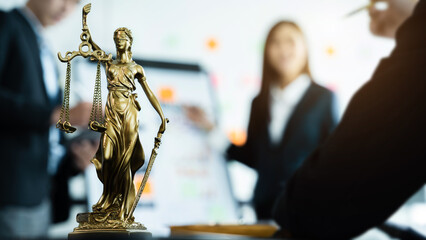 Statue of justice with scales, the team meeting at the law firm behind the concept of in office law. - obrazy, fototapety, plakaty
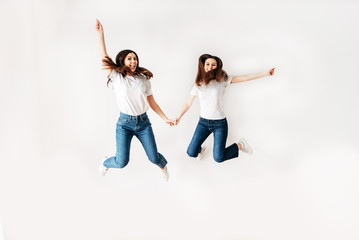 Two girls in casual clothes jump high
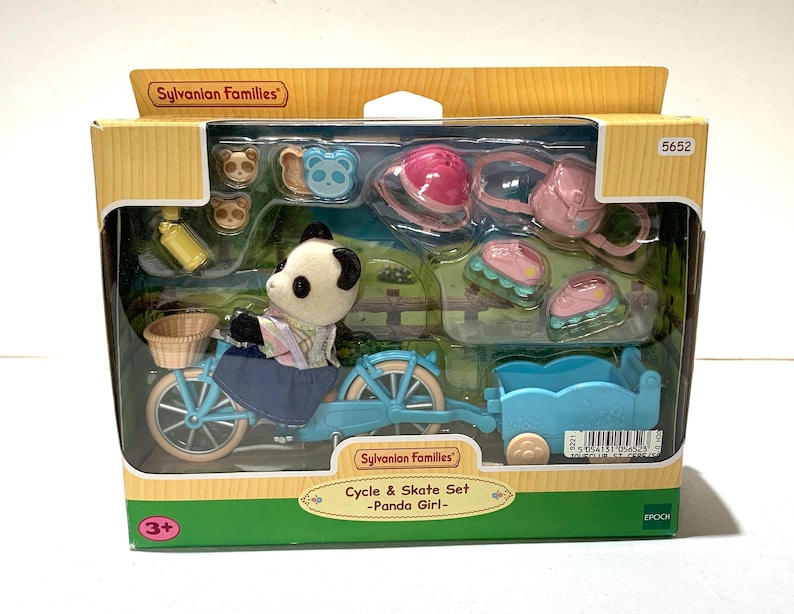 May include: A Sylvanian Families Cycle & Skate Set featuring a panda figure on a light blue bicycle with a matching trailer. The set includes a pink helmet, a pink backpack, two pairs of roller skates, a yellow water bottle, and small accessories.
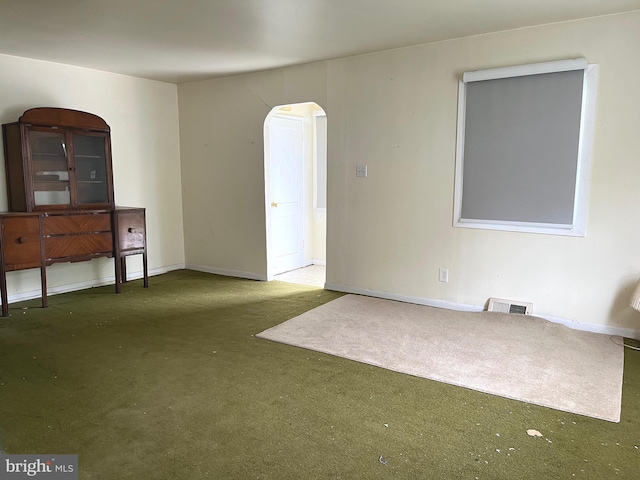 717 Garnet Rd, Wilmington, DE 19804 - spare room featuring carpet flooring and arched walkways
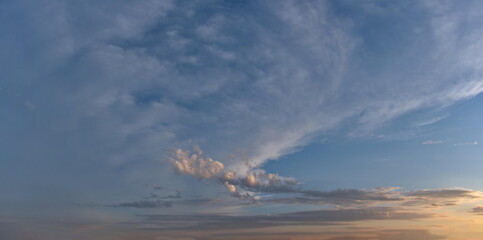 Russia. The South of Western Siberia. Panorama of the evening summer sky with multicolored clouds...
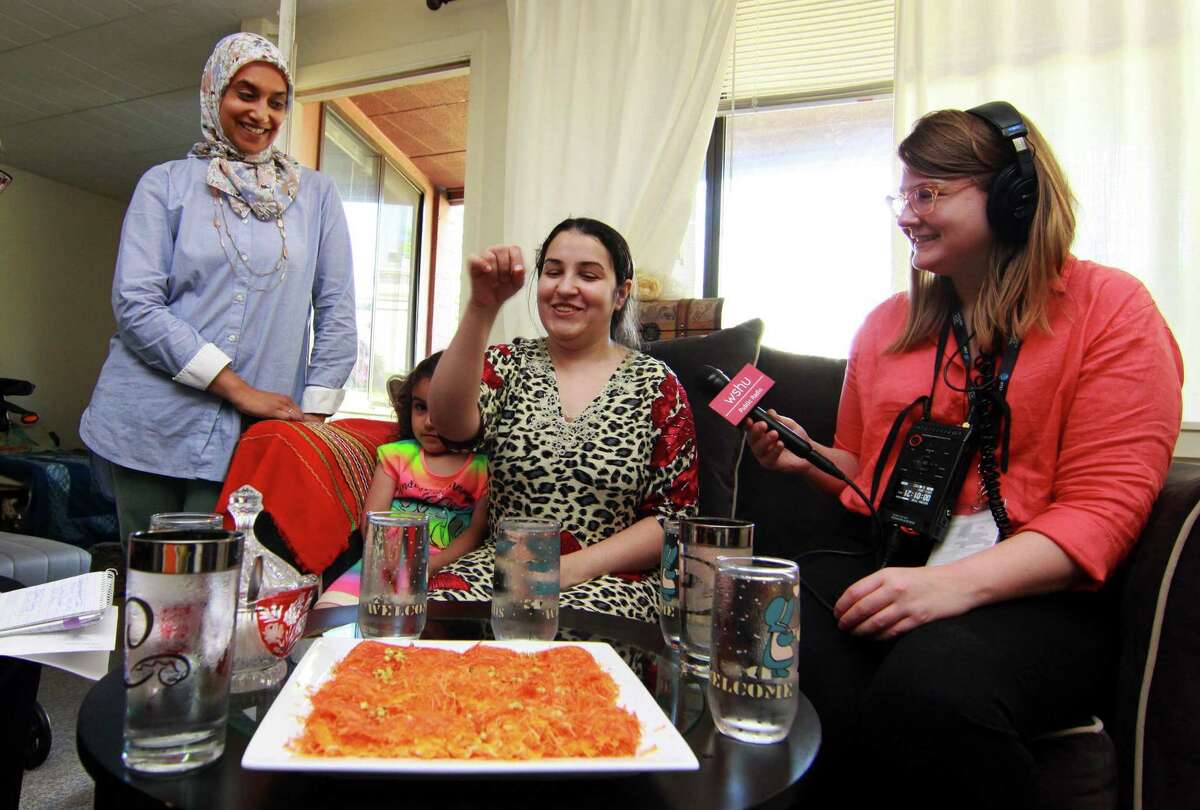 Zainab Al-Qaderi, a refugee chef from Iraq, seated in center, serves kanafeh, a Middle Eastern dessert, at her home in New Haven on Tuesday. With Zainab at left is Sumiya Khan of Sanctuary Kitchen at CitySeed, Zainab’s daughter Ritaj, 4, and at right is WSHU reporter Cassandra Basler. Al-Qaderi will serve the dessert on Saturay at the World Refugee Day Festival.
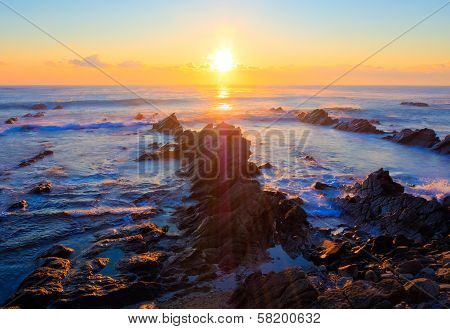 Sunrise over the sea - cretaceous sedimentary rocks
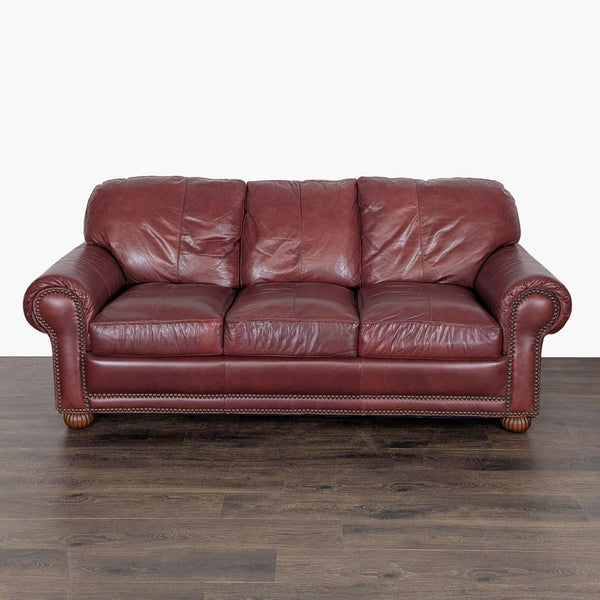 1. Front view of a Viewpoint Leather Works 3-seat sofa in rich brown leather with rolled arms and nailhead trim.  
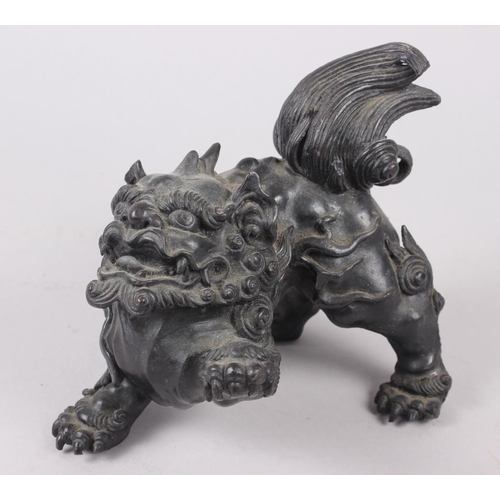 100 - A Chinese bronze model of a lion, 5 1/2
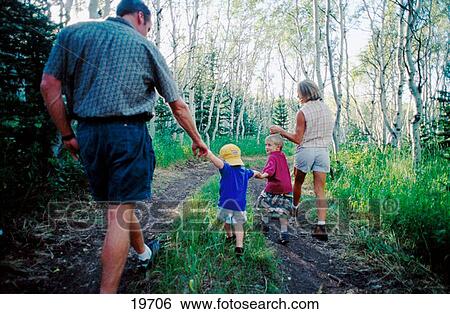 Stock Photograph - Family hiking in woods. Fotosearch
----------------------------------------
## ACTION ITEM
Your task is to copy exactly the lines from the line containing "1. Front view" through the final line of the listing above and to omit every picture.

## PROBLEM SOLUTION
 1. Front view of a Viewpoint Leather Works 3-seat sofa in rich brown leather with rolled arms and nailhead trim.  
 100 - A Chinese bronze model of a lion, 5 1/2
 Stock Photograph - Family hiking in woods. Fotosearch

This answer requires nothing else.